Work item: When you reach the line with "1960 VINTAGE GERMANIA" in the data below, begin printing lines exactly, and stop once the line with "Phone 3a Community" has been printed.

Dataset items

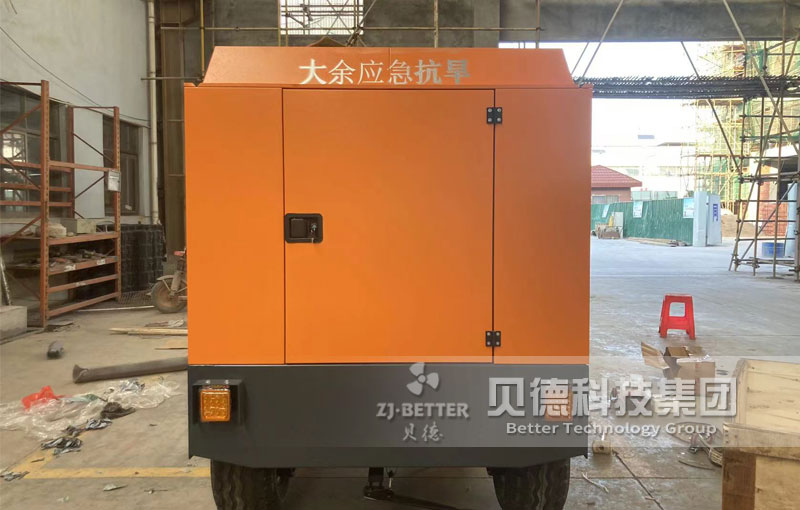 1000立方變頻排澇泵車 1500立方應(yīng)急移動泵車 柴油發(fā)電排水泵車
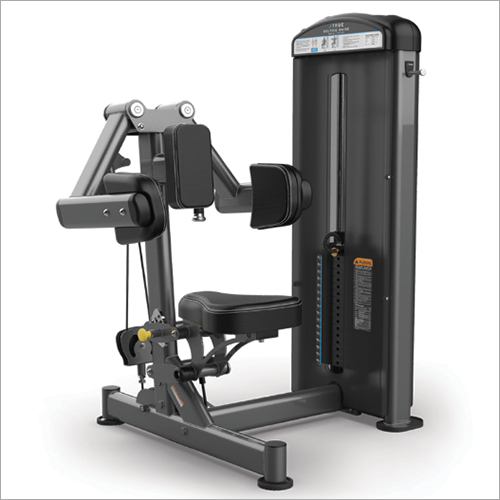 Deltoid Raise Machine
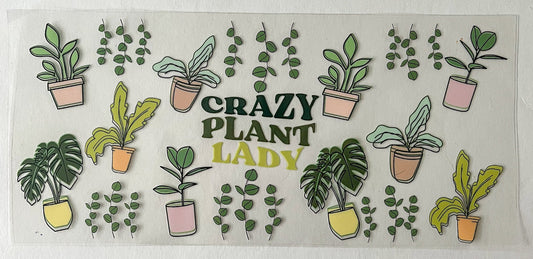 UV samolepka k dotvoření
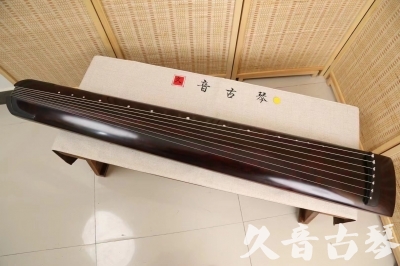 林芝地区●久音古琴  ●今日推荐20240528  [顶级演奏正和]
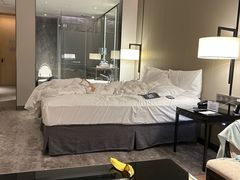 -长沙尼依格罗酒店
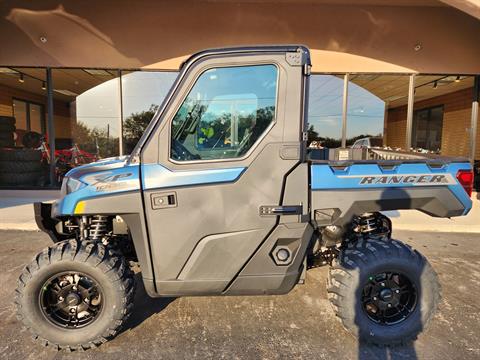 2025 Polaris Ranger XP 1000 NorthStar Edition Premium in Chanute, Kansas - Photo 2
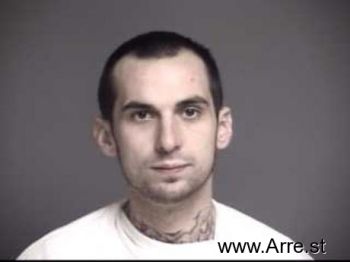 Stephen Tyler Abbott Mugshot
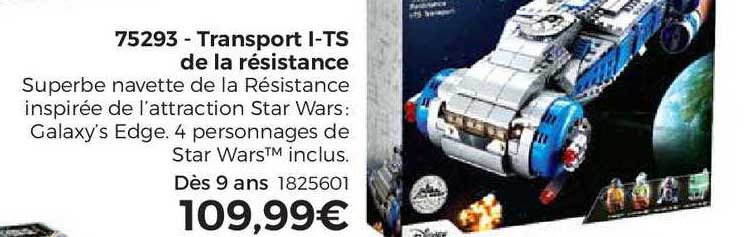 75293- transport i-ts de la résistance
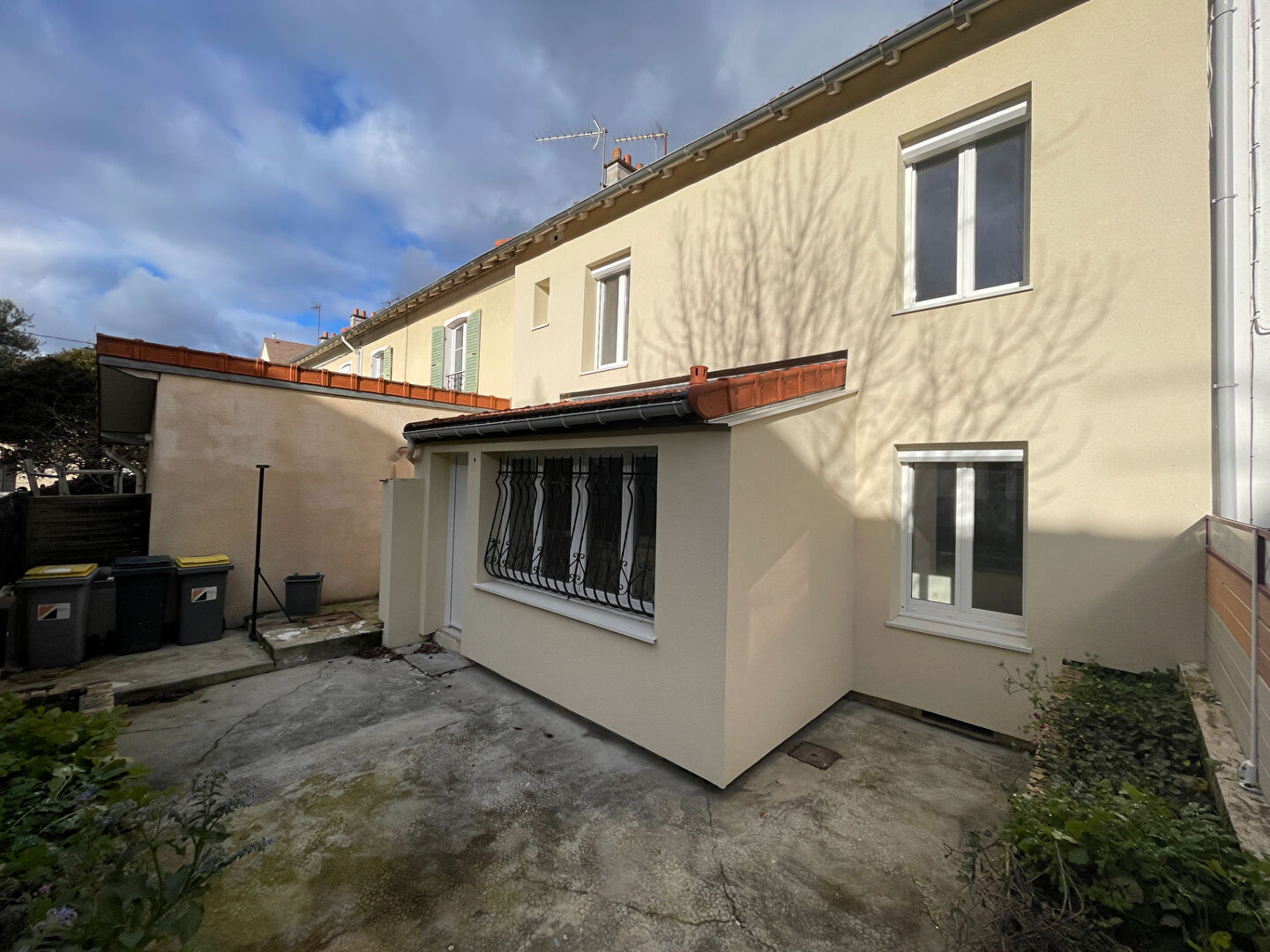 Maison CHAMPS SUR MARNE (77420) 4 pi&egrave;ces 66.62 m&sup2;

...

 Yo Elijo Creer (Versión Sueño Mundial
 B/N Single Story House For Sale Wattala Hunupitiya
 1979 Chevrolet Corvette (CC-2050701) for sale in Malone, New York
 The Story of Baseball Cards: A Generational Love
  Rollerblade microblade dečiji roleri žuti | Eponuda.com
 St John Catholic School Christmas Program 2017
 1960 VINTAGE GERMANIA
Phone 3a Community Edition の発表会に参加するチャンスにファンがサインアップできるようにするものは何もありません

Written solution:
 1960 VINTAGE GERMANIA
Phone 3a Community Edition の発表会に参加するチャンスにファンがサインアップできるようにするものは何もありません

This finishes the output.